A **fissile** nuclide can fission from a neutron of any energy. A **Fissionable** nuclide can fission but only from neutrons which sufficient energy above a threshold.
Examples are given below. Notice that fissile nuclides are generally have an odd value of atomic mass because the binding energy is larger for pairs of nucleons. A **fertile**
nuclide can be converted to a **fissile** material through nuclear reactions/decay. This process is referred to as **breeding**.

Fissile | \(^{235}U, \; ^{233}U, \; ^{239}Pu, \; ^{241}Pu\) |

Fissionable | \(^{238}U, \; ^{240}Pu\) |

Fertile | \(^{232}Th, \; ^{234}U, \; ^{238}U\) |

On average, 2-3 neutrons are released form fission. This quantity is denoted \(\nu \) and depends on the fissioning nuclide and incoming neutron energy. When a neutron is absorbed, it is either captured,
followed by decay, or causes fissioning. The **capture-to-fission ratio** is given by \( \alpha = \frac{\sigma_\gamma}{\sigma_a} \) where \(\sigma_i \) is a cross section representing
the probability of the different interactions. The **reproduction factor** is the number of neutrons emitted per absorption and is given by \( \eta = \frac{\nu}{1+\alpha} \).

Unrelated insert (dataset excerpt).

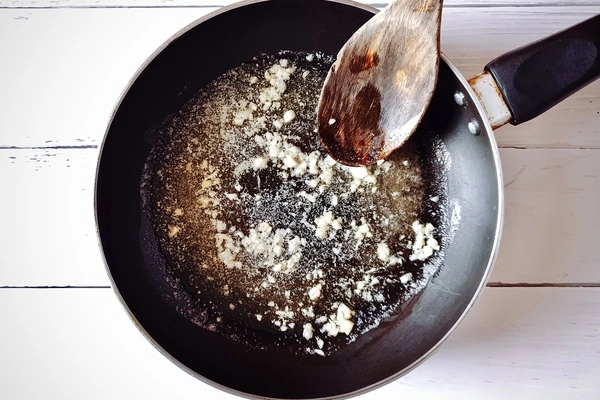 Butter, oil and minced garlic in skillet with a wooden ladle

Nuclear fission reactions are **critical** when one nuetron produced from fission goes on to induce another fission. This reaction is stable. The **criticality**
is a measure of how close the reactor is to a self-sustaining, critical reaction. It is given by:

\(k_{eff} = \frac{\text{rate of neutron production}}{\text{rate of neutron loss by absorption and leakage}}\)

A reactor can be **critical**, **subcritical** (eventually shuts down) or **supercritical** (rate of power increases drastically).
The **Reactivity** is closely related to criticality and is defined as:

\(\rho = 1-\frac{1}{k_{eff}}\)

The units of reactivity are \([mk]\) or one part in one thousand. Although small, nuclear reactions occur very quickly, thus dangerous power levels can occur for small supercritical reactivities.

Subcritical | \(k_{eff} < 1\) | \(\rho < 0\) |

Critical | \(k_{eff} = 1\) | \(\rho = 0\) |

Supercritical | \(k_{eff} > 1\) | \(\rho > 0\) |

A reactor is operating at \(k_{eff} = 0.99965\). What is the reactivity? Is the reaction critical?